Chronologie des annulations du sacrifice de l'Aïd au Maroc : de 1963 à 2025

Chronologie des annulations du sacrifice de l'Aïd au Maroc : de 1963 à 2025

Dans un message solennel adressé au peuple marocain, lu par le ministre des Habous et des Affaires islamiques, Ahmed Toufiq, mercredi soir 26 février 2025, lors du journal télévisé principal de la chaîne « Al Aoula », le Commandeur des croyants, le roi Mohammed VI, a appelé la population "à s'abstenir" de sacrifier le mouton cette année, en raison des défis climatiques et économiques auxquels le pays est confronté.  
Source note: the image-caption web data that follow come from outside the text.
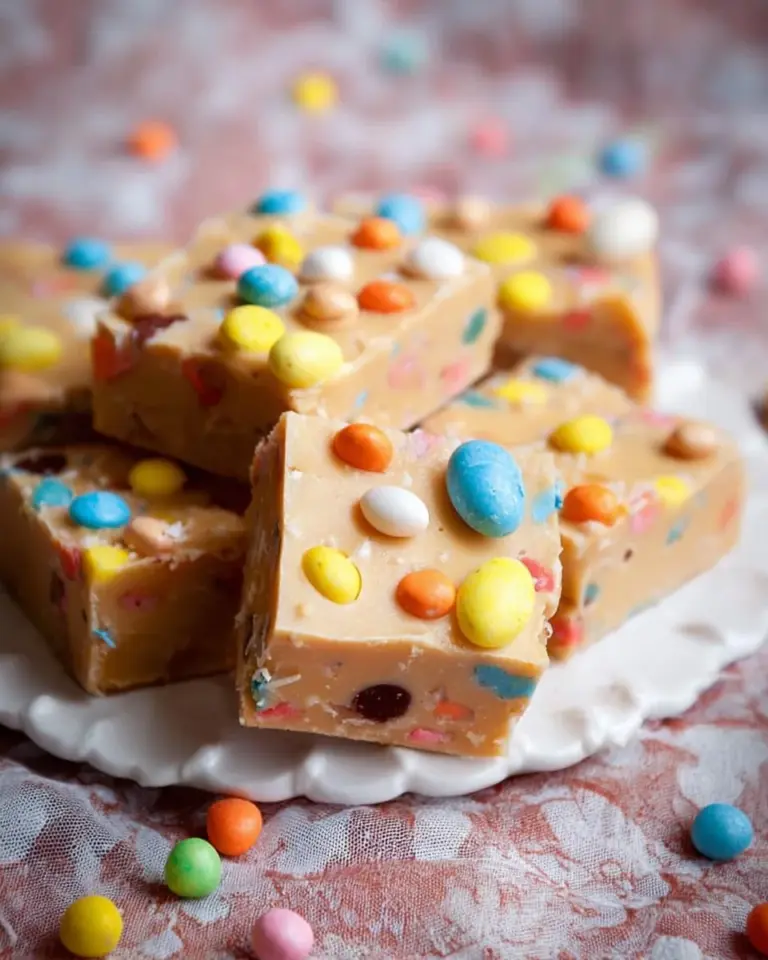 Delicious homemade Easter fudge arranged in colorful squares on a festive plate
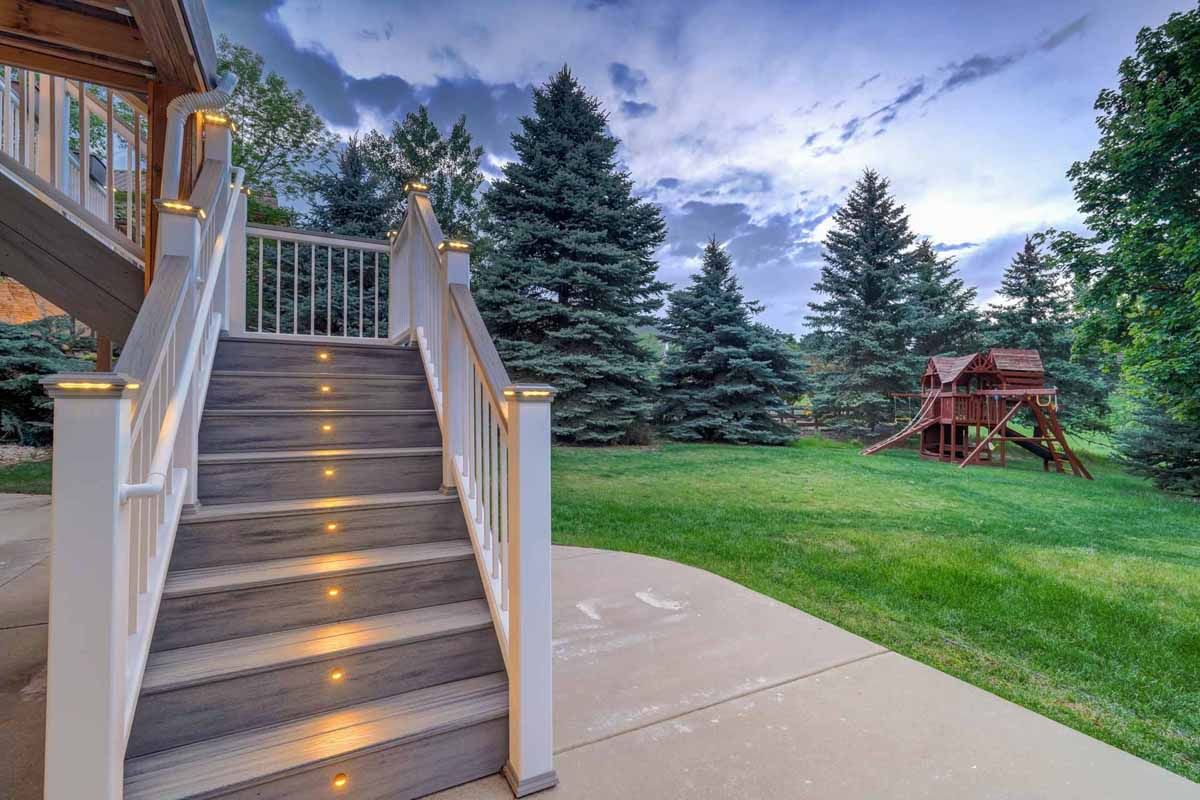 Lit stairs leading to a backyard lawn with evergreen trees and a red wooden gazebo at dusk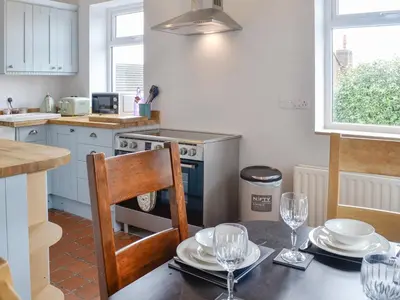 a kitchen with a table with plates and glasses on it at Old Reading Room in Cotehill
Bien que cette décision puisse sembler inhabituelle à l’ère moderne, elle n’est pas sans précédent dans l’histoire du Maroc. En effet, feu le roi Hassan II avait déjà pris des mesures similaires lors de périodes de crise. Depuis l’indépendance du pays, trois précédents historiques ont vu l’annulation du rituel du sacrifice, à chaque fois dans des contextes de crises économiques ou climatiques ayant affecté les conditions de vie des citoyens.  

La première annulation remonte à l’année 1963, coïncidant avec la guerre des sables et ses répercussions économiques sur le Maroc. À l’époque, feu le roi Hassan II avait appelé les Marocains à renoncer au sacrifice du mouton en raison des conséquences du conflit entre le Maroc et l’Algérie, qui avait lourdement pesé sur l’économie nationale et sur le pouvoir d’achat des citoyens, plongeant le pays dans une crise financière aiguë.  

En 1981, Feu Hassan II a pris une décision similaire interdisant le sacrifice de l'Aïd en raison d’une crise économique majeure aggravée par la politique d’ajustement structurel imposée par la Banque mondiale, ainsi que par une sécheresse sévère qui a frappé le pays. Toutefois, cette décision n’a pas été unanimement acceptée sur l’ensemble du territoire.  

Vingt-neuf ans après la dernière annulation, en 1996, le défunt roi a de nouveau annoncé l’annulation de l’Aïd al Adha en raison de la persistance de la sécheresse pendant plusieurs années, entraînant une baisse du cheptel et une flambée des prix. À cette époque, le palais royal avait souligné que l’Aïd el-Kébir est une "sounna mou’akkada" (pratique fortement recommandée) conditionnée par la capacité financière des fidèles, et que cette décision visait à « éviter un préjudice certain », car le maintien du rituel aurait conduit à une hausse des prix privant de nombreuses familles de la célébration de la fête.  

Bien que la décision puisse surprendre certains, elle repose sur un fondement solide dans la jurisprudence islamique, qui conditionne le sacrifice à la capacité financière du fidèle sans difficulté excessive. Le roi Mohammed VI a tenu à préciser que tous les autres rites liés à l’Aïd, notamment la prière, le maintien des liens familiaux et les œuvres de charité, resteront préservés afin de garantir les dimensions spirituelles et sociales de cette fête religieuse.  

Comme lors des précédentes annulations, cette mesure suscite un large débat au sein de la société. Si certains considèrent qu’elle prend en compte les intérêts des couches les plus vulnérables, d’autres estiment qu’elle touche à l’essence même de l’Aïd, qui est une célébration majeure sur les plans religieux et social au Maroc. Toutefois, les expériences passées ont montré que l’adhésion populaire aux décisions royales a généralement été majoritaire, malgré quelques cas isolés de contestation, notamment en 1981.  

L’annulation du rituel du sacrifice de l’Aïd n’est pas une décision facile, en particulier dans un pays où cette tradition est profondément ancrée. Cependant, dans le contexte actuel, elle reflète une approche rationnelle qui prend en compte la conjoncture économique et l’intérêt général, en s’appuyant sur les principes religieux qui allègent les obligations en période de difficulté.  

Cette décision intervient alors que le Maroc a enregistré une diminution de 38 % du cheptel national en raison des sécheresses successives, comparé au dernier recensement effectué il y a neuf ans. Par ailleurs, les prix de la viande rouge ont grimpé à 120 dirhams le kilogramme, contre 80 dirhams auparavant, poussant le gouvernement à augmenter les importations de bétail, d’agneaux vivants et de viande rouge.  

De plus, la vague de sécheresse qui touche le pays pour la septième année consécutive a provoqué une baisse de 38 % du cheptel, avec un déficit pluviométrique de 53 % par rapport à la moyenne des trente dernières années, selon les déclarations du ministre de l’Agriculture, Ahmed El Bouari, à la mi-février de l’année en cours.